Record set section start
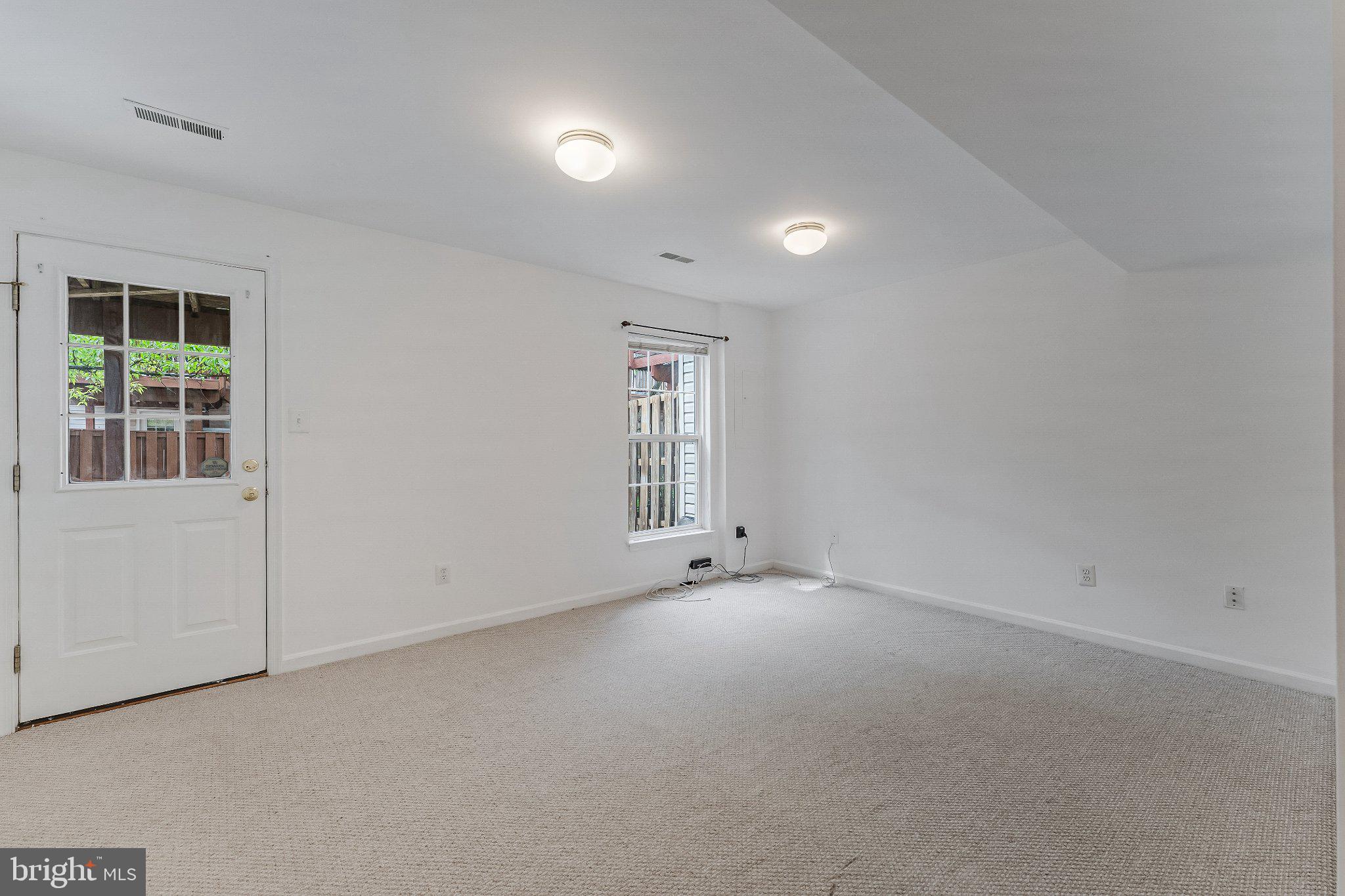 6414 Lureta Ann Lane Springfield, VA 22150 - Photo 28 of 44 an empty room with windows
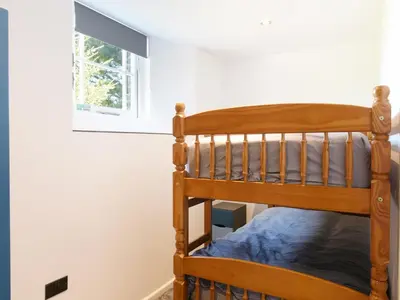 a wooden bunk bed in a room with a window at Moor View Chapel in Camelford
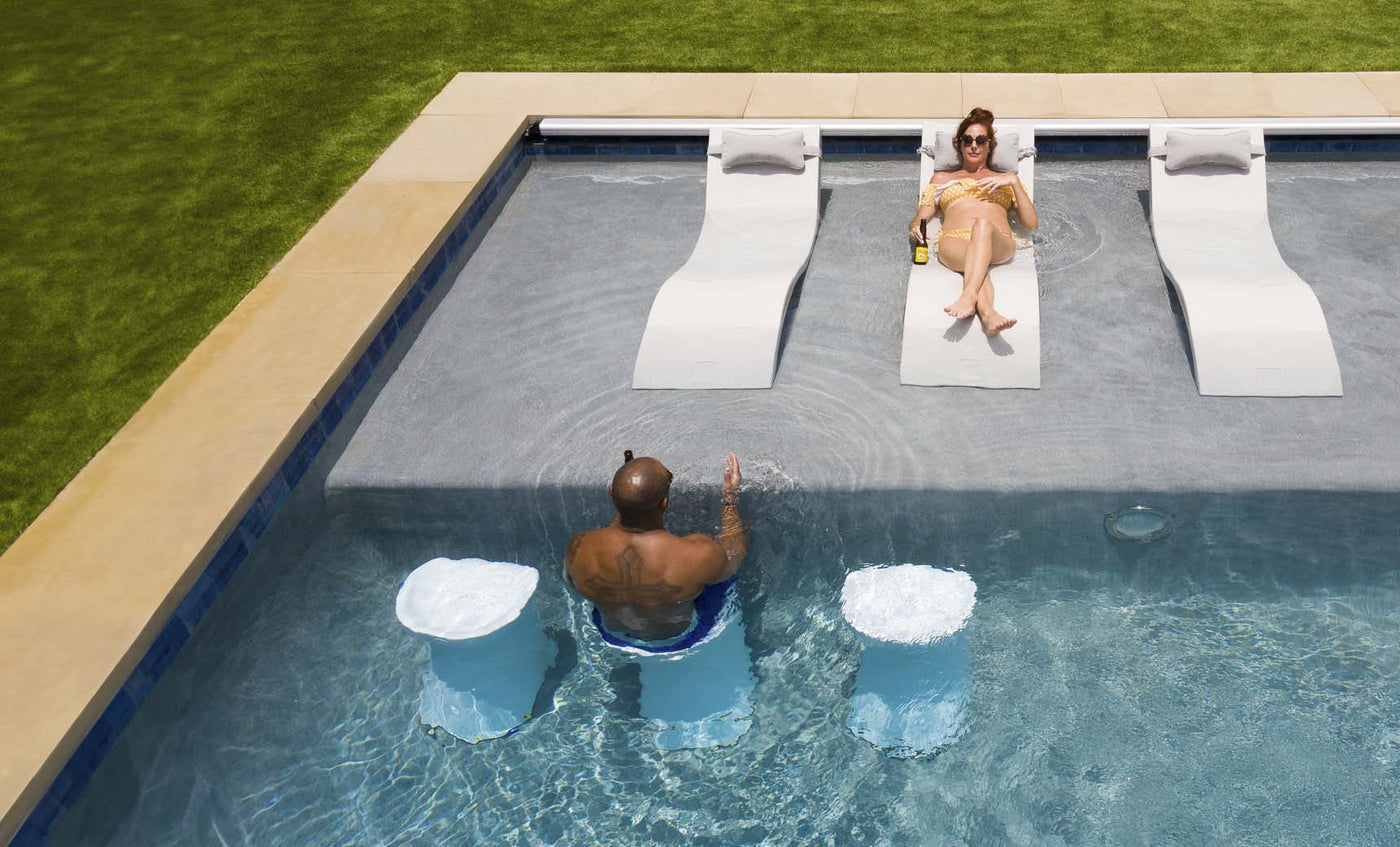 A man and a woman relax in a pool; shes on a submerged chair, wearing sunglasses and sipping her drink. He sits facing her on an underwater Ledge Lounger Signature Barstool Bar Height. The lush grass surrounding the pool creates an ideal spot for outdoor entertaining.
Record set section end
Record set section start
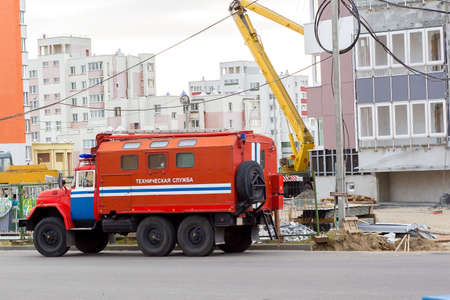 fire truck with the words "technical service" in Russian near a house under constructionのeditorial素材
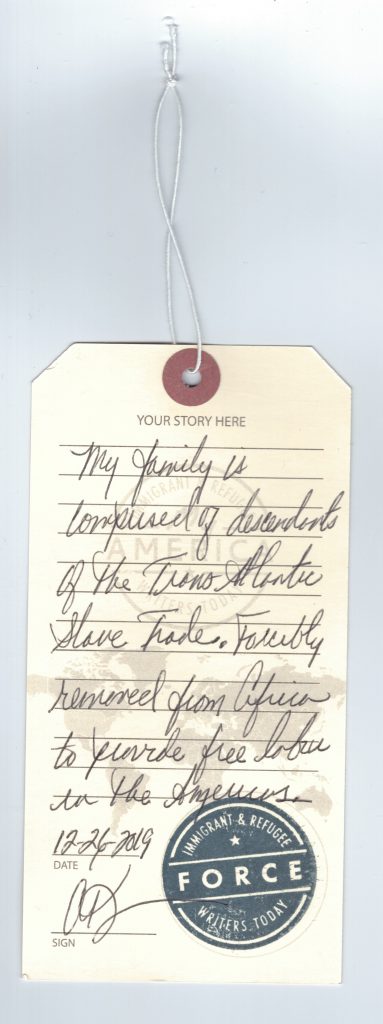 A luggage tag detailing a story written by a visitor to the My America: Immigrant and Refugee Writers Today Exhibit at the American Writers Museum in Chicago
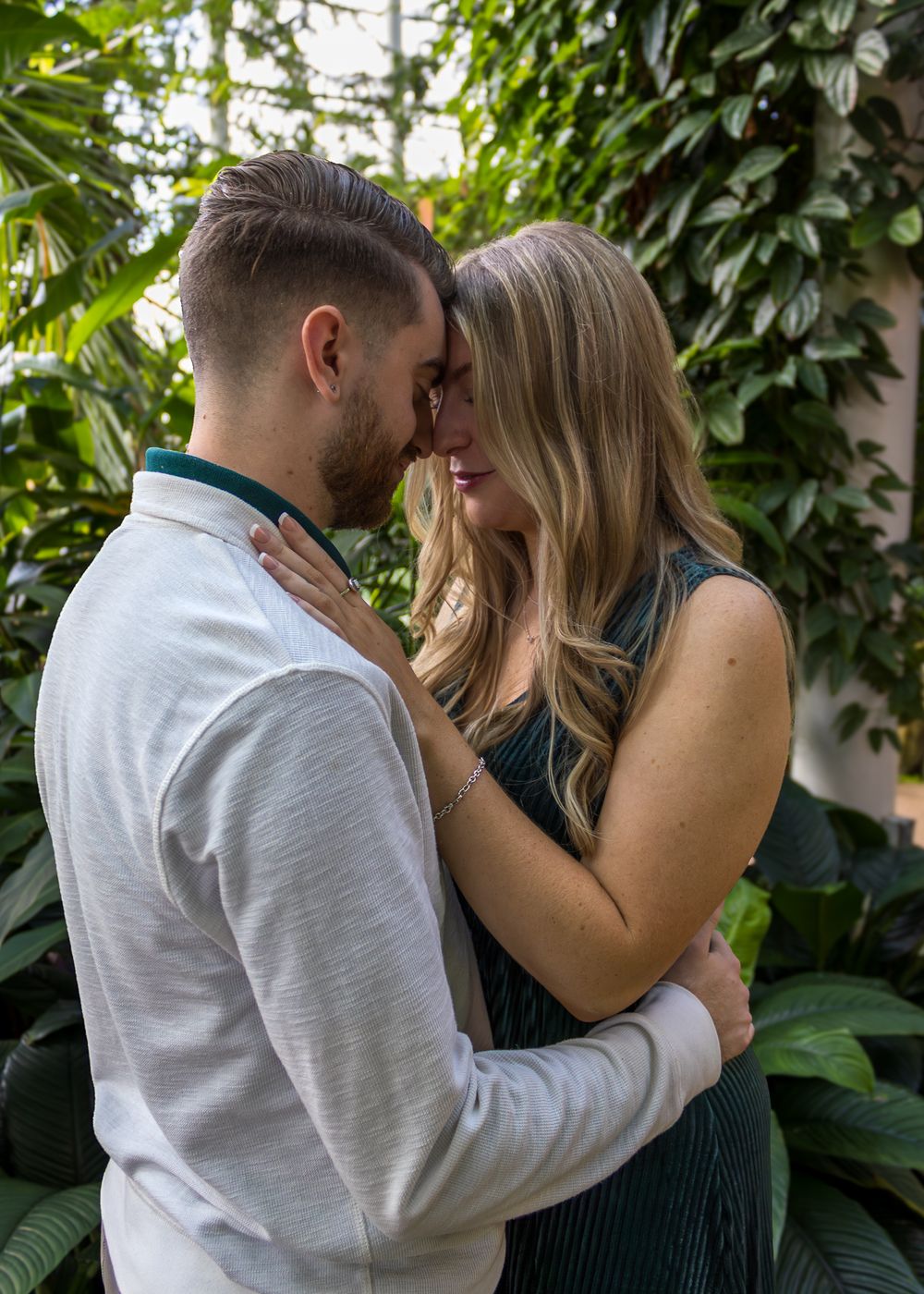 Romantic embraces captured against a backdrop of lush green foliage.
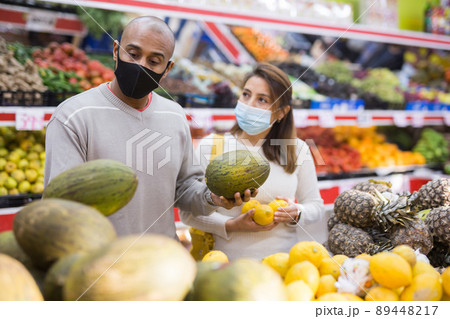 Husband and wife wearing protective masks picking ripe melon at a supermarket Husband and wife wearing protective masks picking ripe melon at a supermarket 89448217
Record set section end
» Your goal: Using the listing above, reproduce word for word every line from the one containing "6414 Lureta Ann" through the one containing "A man and a". Pictures must be left out.

» Answer:
 6414 Lureta Ann Lane Springfield, VA 22150 - Photo 28 of 44 an empty room with windows
 a wooden bunk bed in a room with a window at Moor View Chapel in Camelford
 A man and a woman relax in a pool; shes on a submerged chair, wearing sunglasses and sipping her drink. He sits facing her on an underwater Ledge Lounger Signature Barstool Bar Height. The lush grass surrounding the pool creates an ideal spot for outdoor entertaining.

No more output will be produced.